Captioned web images
++++++++++++++++++++
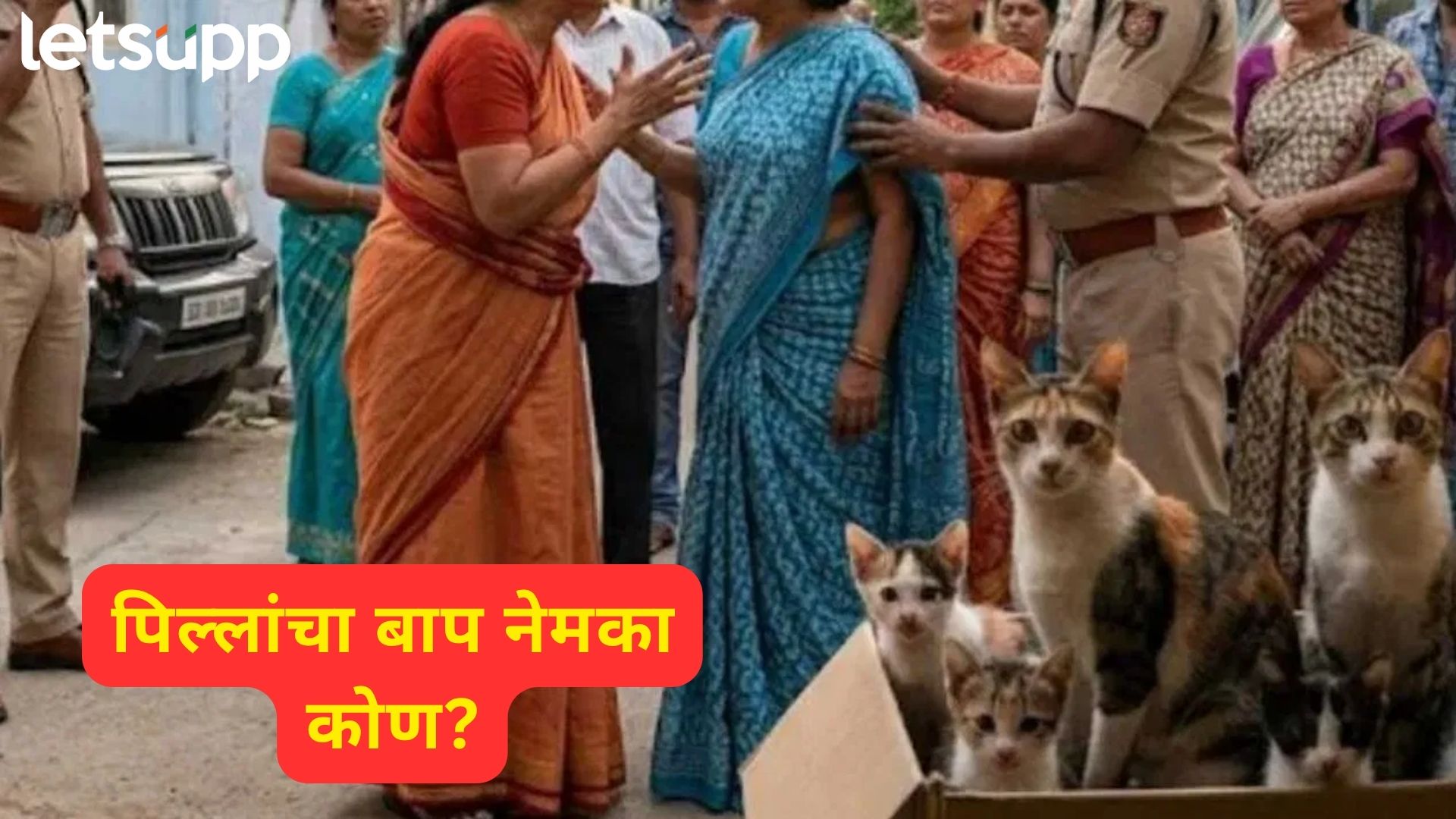 ऐकावं ते नवलच! पिल्लं हुबेहूब तुमच्या बोक्यासारखीच; मजा मारलेल्या बोक्यामुळे शेजाऱ्यांत तुफान राडा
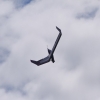 BaWue Airgames 2012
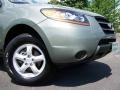 2008 Natural Khaki Green Hyundai Santa Fe GLS  photo #2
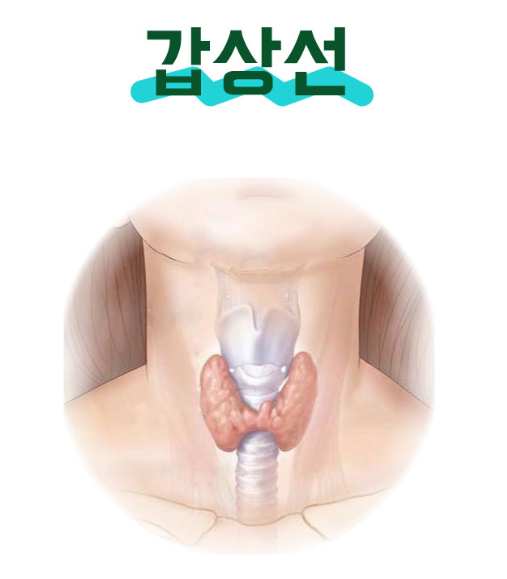  갑상선 기능 저하증의 주요 증상! 갑상선 명의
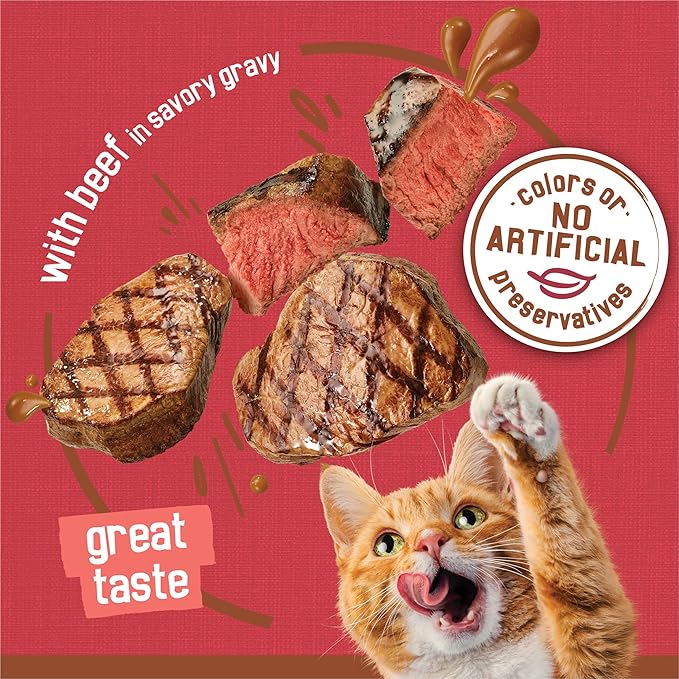 Friskies Purina Extra Gravy Wet Cat Food Chunky with Beef in Savory Gravy - 5.5 oz. Cans,(Pack of 48)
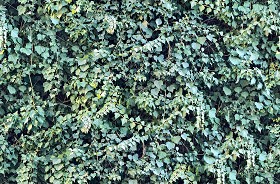 Textures   -   NATURE ELEMENTS   -   VEGETATION   -  Hedges - Ivy hedge texture seamless 20192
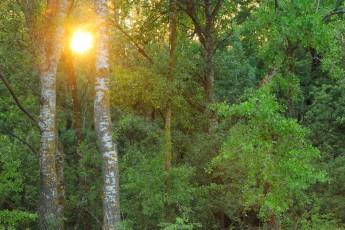 Poplars (Populus alba/nigra) in Letea forest, Romania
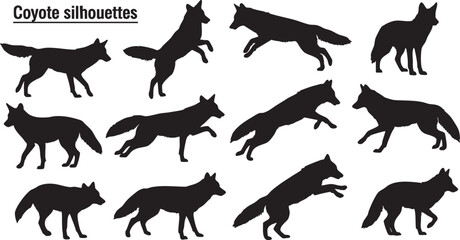 Coyote silhouettes in various poses and actions wolf, coyote, wolf, dog, canine, animal, wildlife, nature, silhouette, black, white, background, illustration, graphic, icon, vector, collection, set, g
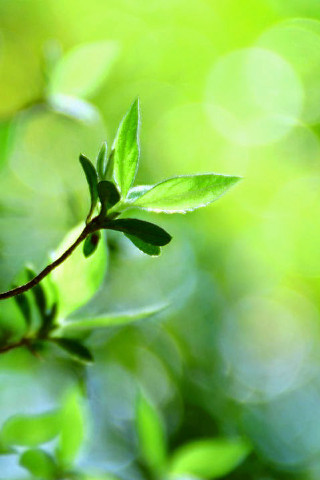 Green leaf blurry background leaves - free nature wallpaper for mobile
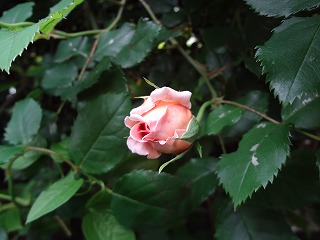 DSC00830.jpg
++++++++++++++++++++
Transcribe exactly the span of lines that opens with the line holding "2008 Natural Khaki" and closes with the last line of the entries above. Omit pictures.

 2008 Natural Khaki Green Hyundai Santa Fe GLS  photo #2
  갑상선 기능 저하증의 주요 증상! 갑상선 명의
 Friskies Purina Extra Gravy Wet Cat Food Chunky with Beef in Savory Gravy - 5.5 oz. Cans,(Pack of 48)
 Textures   -   NATURE ELEMENTS   -   VEGETATION   -  Hedges - Ivy hedge texture seamless 20192
 Poplars (Populus alba/nigra) in Letea forest, Romania
 Coyote silhouettes in various poses and actions wolf, coyote, wolf, dog, canine, animal, wildlife, nature, silhouette, black, white, background, illustration, graphic, icon, vector, collection, set, g
 Green leaf blurry background leaves - free nature wallpaper for mobile
 DSC00830.jpg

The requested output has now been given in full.